Assessment of knowledge base for listing of endangered wild animals and plants (CITES)
The Scientific Committee for Food and Environment has assessed the knowledge base for proposed changes to the regulation of trade in several species of wildlife and plants.
The proposed changes will be considered at the Conference of the Parties to the Convention on International Trade in Endangered Species of Wild Fauna and Flora (CITES) in Panama City from November 14 to 25, 2022.
The assessment was commissioned by the Norwegian Environment Agency and forms part of the scientific basis for Norway's contribution to the conference.
Prior to the conferences, member countries of CITES may propose changes to the regulation of species. The species protected by CITES are divided into three lists with varying degrees of trade restrictions.

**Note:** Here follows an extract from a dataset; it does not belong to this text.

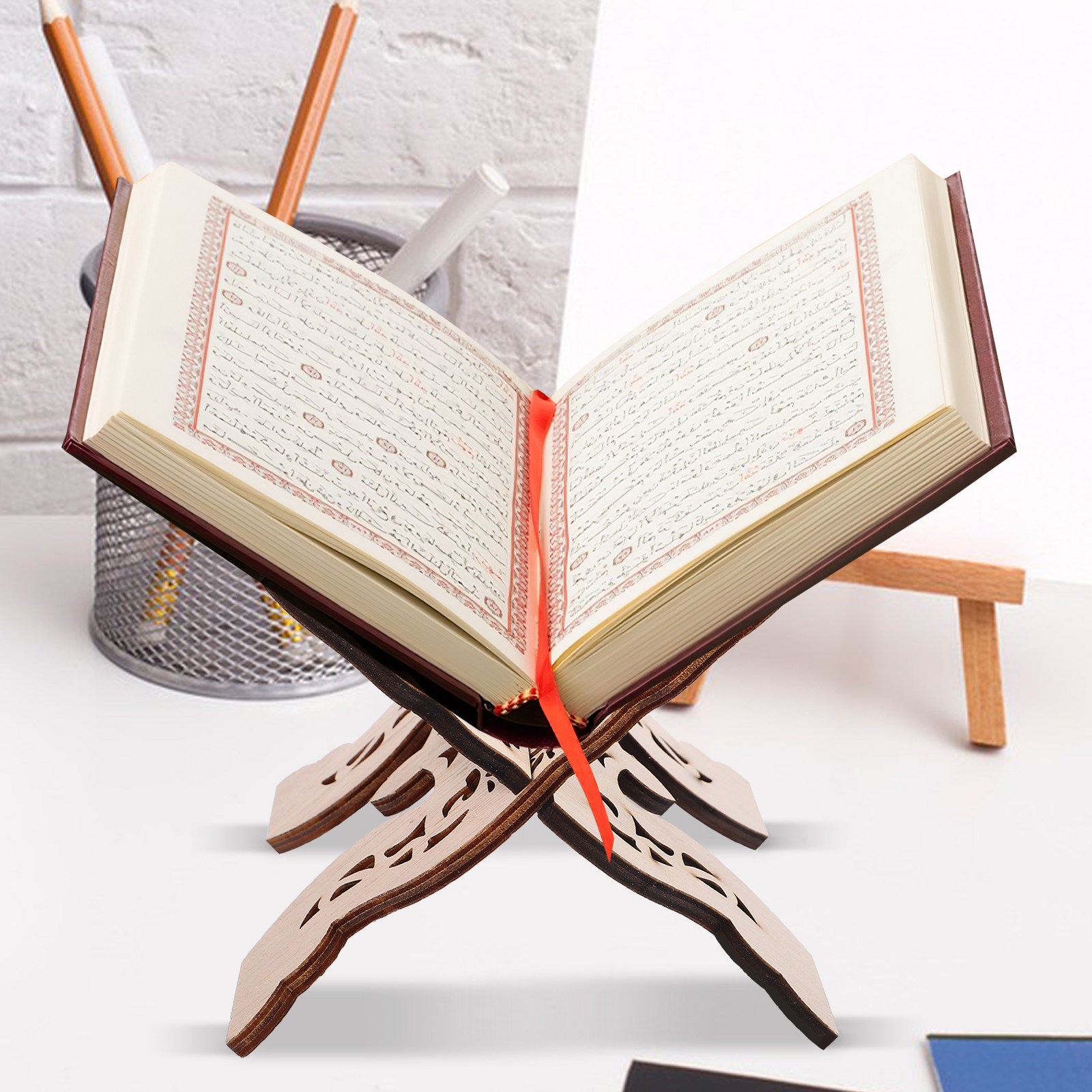 木製デスクトップ読書スタンド 聖書ホルダー コーランラック  - Desk Setup Shelf のレビューと価格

List I includes species that are so endangered that all commercial trade is prohibited. List II includes species for which international trade must be monitored to ensure the survival of the species. List III includes species with local populations protected in at least one country of distribution, and where this country has requested help from other CITES member countries to control trade.
Proposed changes may include, for example, moving a species from List I to List II, or adding species that have not previously been part of the CITES system to a list.
A total of 52 list proposals have been submitted for the conference in Panama City. The proposals include species of both fauna and flora, from many different countries and habitats.
Among the proposals are several species of sharks, rays, and turtles, which are among the most endangered groups of vertebrates. Species of tropical timber are also included in the proposed regulatory changes. This also applies to hippopotamus, African elephant, rhinoceros, and sea cucumber.
The committee has reviewed available information on the biology, population size and structure, as well as population trends, distribution status, conservation needs and measures, and the status of legal and illegal trade of the species. Based on this information, the committee has assessed whether can affect the survival of species.